— Goal of the exercise —
Using the material below, return exactly the lines between the one holding "Bitchy Brunette Rips" and the one holding "New Style Black Silicone Finger Ring", inclusive, and no others.

— Dataset —
BEGIN
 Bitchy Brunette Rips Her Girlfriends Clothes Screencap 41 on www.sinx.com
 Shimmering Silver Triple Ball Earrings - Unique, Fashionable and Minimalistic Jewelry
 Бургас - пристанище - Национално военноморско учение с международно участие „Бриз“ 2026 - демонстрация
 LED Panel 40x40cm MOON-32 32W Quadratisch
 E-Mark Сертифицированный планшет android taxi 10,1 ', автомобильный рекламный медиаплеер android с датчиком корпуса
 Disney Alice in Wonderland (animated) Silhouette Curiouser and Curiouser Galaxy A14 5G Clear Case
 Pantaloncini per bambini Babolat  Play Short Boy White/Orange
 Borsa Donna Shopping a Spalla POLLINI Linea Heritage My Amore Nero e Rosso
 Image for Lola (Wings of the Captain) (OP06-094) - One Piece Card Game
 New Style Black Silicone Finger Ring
END
BEGIN
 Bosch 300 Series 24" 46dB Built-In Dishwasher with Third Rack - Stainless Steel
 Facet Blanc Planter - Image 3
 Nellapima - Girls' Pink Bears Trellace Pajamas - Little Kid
END
BEGIN
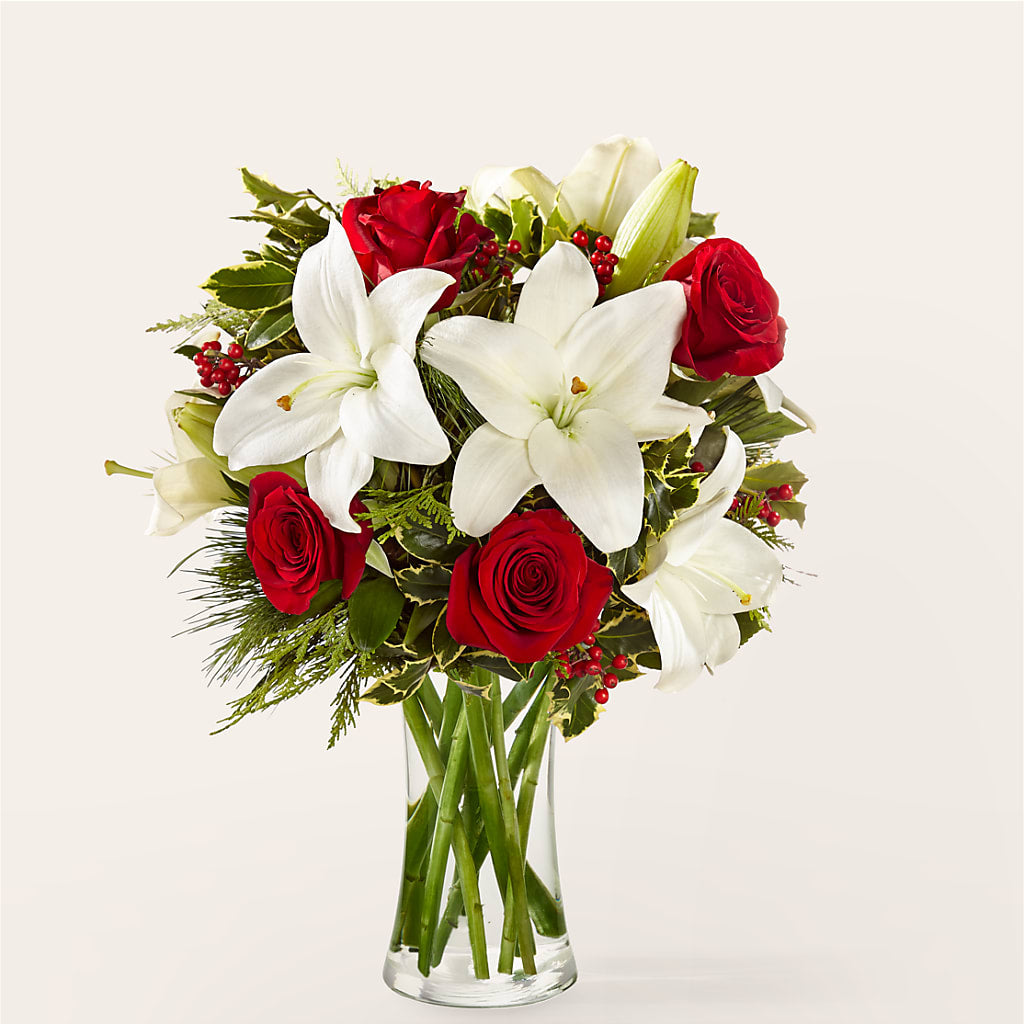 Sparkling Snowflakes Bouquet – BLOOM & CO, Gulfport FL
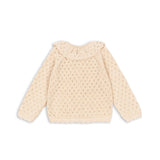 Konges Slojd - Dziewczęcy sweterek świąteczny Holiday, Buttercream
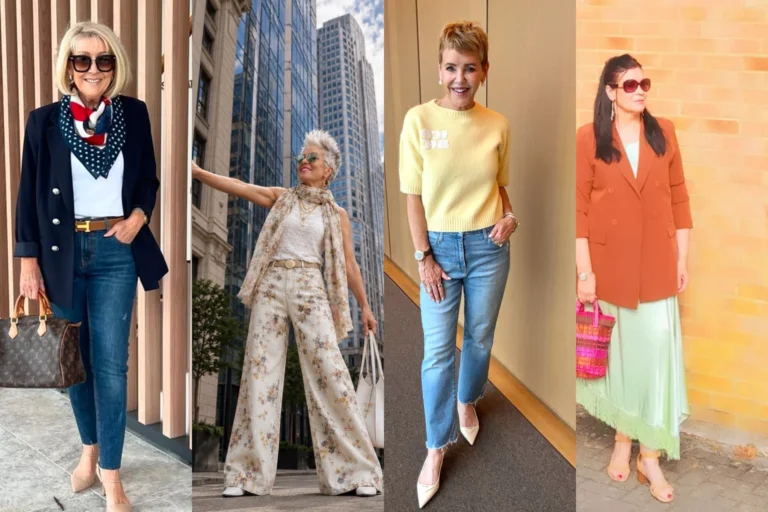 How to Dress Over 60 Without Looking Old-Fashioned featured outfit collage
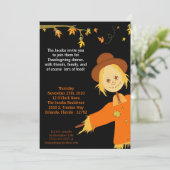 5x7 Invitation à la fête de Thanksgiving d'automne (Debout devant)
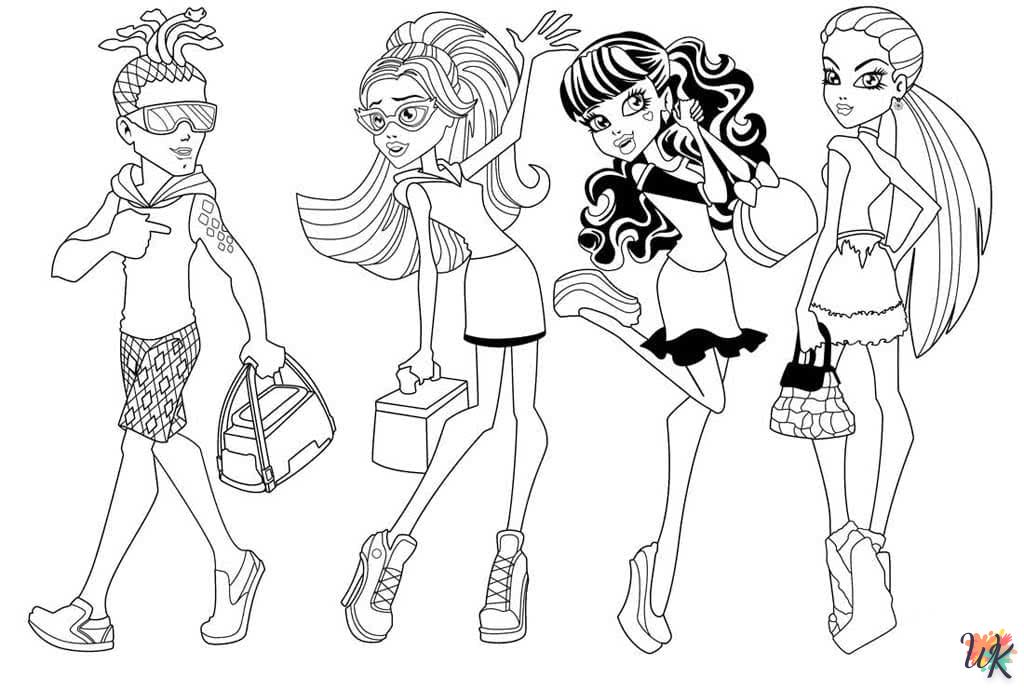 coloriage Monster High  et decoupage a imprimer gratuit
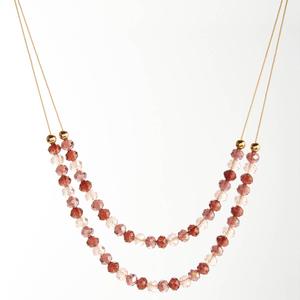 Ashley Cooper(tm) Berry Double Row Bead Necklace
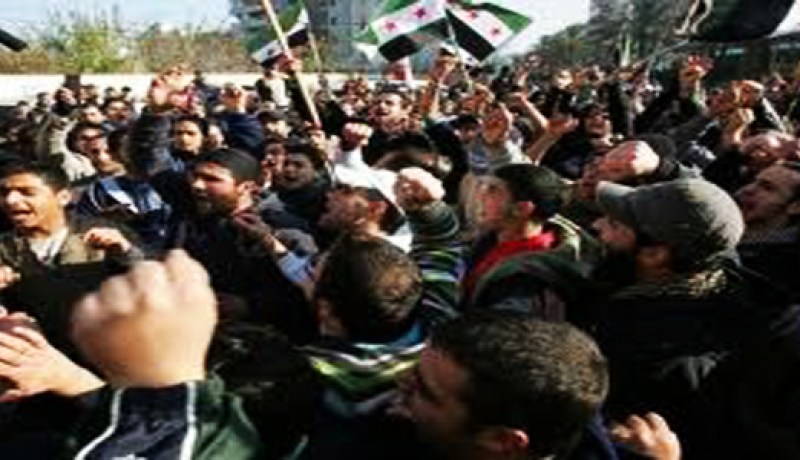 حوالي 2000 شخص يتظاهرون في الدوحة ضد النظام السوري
END
— Solved exercise —
 Bitchy Brunette Rips Her Girlfriends Clothes Screencap 41 on www.sinx.com
 Shimmering Silver Triple Ball Earrings - Unique, Fashionable and Minimalistic Jewelry
 Бургас - пристанище - Национално военноморско учение с международно участие „Бриз“ 2026 - демонстрация
 LED Panel 40x40cm MOON-32 32W Quadratisch
 E-Mark Сертифицированный планшет android taxi 10,1 ', автомобильный рекламный медиаплеер android с датчиком корпуса
 Disney Alice in Wonderland (animated) Silhouette Curiouser and Curiouser Galaxy A14 5G Clear Case
 Pantaloncini per bambini Babolat  Play Short Boy White/Orange
 Borsa Donna Shopping a Spalla POLLINI Linea Heritage My Amore Nero e Rosso
 Image for Lola (Wings of the Captain) (OP06-094) - One Piece Card Game
 New Style Black Silicone Finger Ring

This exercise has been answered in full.